Fedora Core 8 audio

Fedora Core is supposed to be “bleeding edge” technology. What you may not expect is that it puts the edge while you provide the bleeding. Suppose you want to write an audio application, something simple, gathering audio from a microphone and feeding audio to a speaker. How could it be a nightmare?
Quite easily it is right from the beginning. How many audio API does linux have? Two? Three? Well, I counted seven – OSS, alsa, jack, esd, pulseaudio, openAL, gstreamer. You may argue that not all these APIs are on the same abstraction level, yes, I agree, nonetheless you have to decide what to pick and hope that the API you picked is widespread enough among your target customers.

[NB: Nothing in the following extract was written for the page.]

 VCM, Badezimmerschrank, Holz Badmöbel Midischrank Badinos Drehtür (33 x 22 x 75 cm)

I had some legacy code that relied on OSS, so I stuck with that. Knowing that Alsa was the answer to OSS, I tried it out and I left wondering which was the question. Alsa is significantly more complex to program than OSS, the bare minimum playback code is longer for ALSA than OSS.
So I gave up with ALSA.
Next problem is when I tried my legacy code on the brand new Fedora Core 8. The microphone seems not to work. I tried the command line OSS test with:

 # cat /dev/dsp >/tmp/foo

just to discover that no audio was collected.

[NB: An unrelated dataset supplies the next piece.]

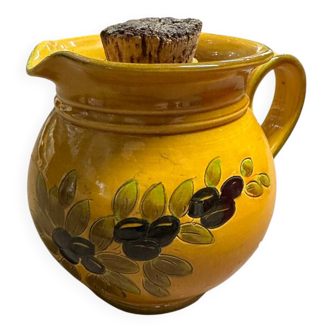 Old ceramic jug with glazed olive decoration – Provençal style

After some twiddling and after having tried the canned solutions I found without success, I decided that I need another distro to test my code.

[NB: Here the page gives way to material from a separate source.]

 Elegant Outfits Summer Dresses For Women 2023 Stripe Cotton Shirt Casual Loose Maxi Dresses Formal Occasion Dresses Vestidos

This time too, as soon as I find a solution there is a new problem ready for it. Fedora Core 8 uses logical volumes, so it is not straightforward to shrink them from say Debian install. In order to resize a logical volume, first you have to unmount the partition in it, resize the partition, and eventually shrink the logical volume.
You can’t do this on the default install in a running system because there is just a single partition with the whole system (but “/boot”). You can’t do either from the Debian install because “etch” doesn’t manage logical volumes.
Third approach I went for another PC-like device we are developing for a customer. Before doing anything, I tested the OSS driver on this box and it worked, so I downloaded my code and … “error: missing libSDL”.
Sooner or later I will master this adversity, I’m sure, I just hope not to bleed too much in process.